The guide proposes two main approaches for including climate change in the EIA: the adaptation and the mitigation approaches.

 

The former assesses how climate change may affect the project, through a dynamic management that considers climate scenarios and risks. Adaptation involves measures that make operational process resilient and flexible, incorporating adaptive environmental management.

 

The latter focuses on the project's influence on greenhouse gas (GHG) emissions. It emphasizes the importance of reducing direct and indirect emissions at all stages of the project. The environmental impact study must analyze actions to prevent, reduce, or increase GHG absorption, seeking to minimize environmental impact and promoting sustainable practices through all phases of the project.

 

1.2 Guidance on public participation in environmental assessment

 

Public participation is a process that allows the interests, needs, and priority concerns of people to be considered in governmental decision-making. Ultimately, this democratizes public policies and increases their effectiveness. Participation is based on the right of access to public information.

 

The guide proposes different mechanisms, such as: dialogue roundtables to create relationships and receive information on concerns, on-line consultations to inform and facilitate extended participation, mediation for agreements on controversial issues, and participatory environmental monitoring committees.

 

In the context of the EIA, the guide on public participation establishes responsibilities for proponents: identifying stakeholders, interests, and disclosing the project appropriately and in a way that can be understood.

 

The guide includes a section on the processes of consultation with Indigenous Peoples and establishes a series of principles to implement them properly. Thus, it recommends the consultation is:

  1. prior
  2. free
  3. informed
  4. in good faith
  5. adequate and accessible
  6. through authorities and institutions representative of Indigenous Peoples
  7. systematic and transparent.

 

  1. Guidelines for the approach to Strategic Environmental Assessment

 

According to Provision 1/2023, the Strategic Environmental Assessment (EAE) is a tool for integrating sustainable development objectives into the planning process and public policy decision-making.

 

While the EAE is conducted at the strategic planning and policy levels, the EIA is conducted at the level of specific projects. EAE focuses on medium- and long-term planning of policies, plans, and programs, allowing to assess the impact of strategic decisions on the environment over time and for a specific geographic region.

 

To prepare the EAE of a policy, plan, or program, the Provision refers to the four phases in the "Guide for Preparing a Strategic Environmental Assessment", approved by Resolution SGAyDS3 337/2019[1] .

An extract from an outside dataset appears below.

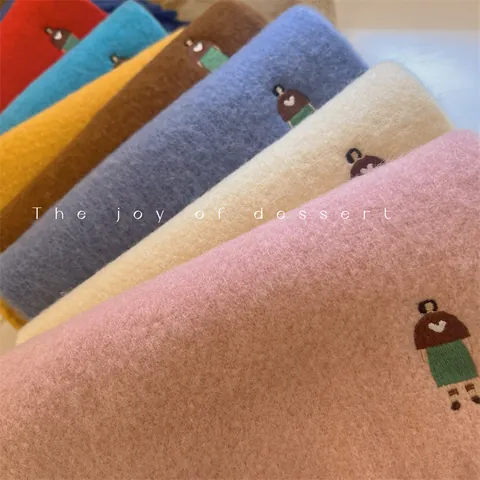 Korean Style Wool Blend Embroidered Girl Large Scarf For Women Autumn Winter Thickened Warm Tassel Shawl Elegant Fashion Wrap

The Guide includes two approaches to applying EAE:

 

  1. Top-down approach: based on strategies. It consists of detecting and consolidating the strategic goals that allow framing the application instruments that will stem from the policy, plan, or program evaluated simultaneously with the strategic design.

 

  1. Bottom-up approach: based on the EIA. It involves detecting and analyzing what may cause significant adverse effects on the environment or health and what promotes significant improvements in other variables of the context by weighing their value or significance.

 

The bottom-up approach favors creating scenarios, especially in the case of cumulative impacts, resulting from the successive, incremental and/or combined effects of an activity or project when added to the effects of other existing or planned undertakings.

 

 

[1] (i) the "initiation", which identifies the actors of the process, their level of influence, and the context of the policy, plan or program; (ii) the "strategic diagnosis", which identifies and evaluates the potentially affected environmental and social systems; (iii) the "evaluation of alternatives and decision guidelines", which considers different alternatives for achieving the objectives of the policy, plan or program; and (iv) the "SEA follow-up plan and results report", which retrospectively reviews the entire procedure.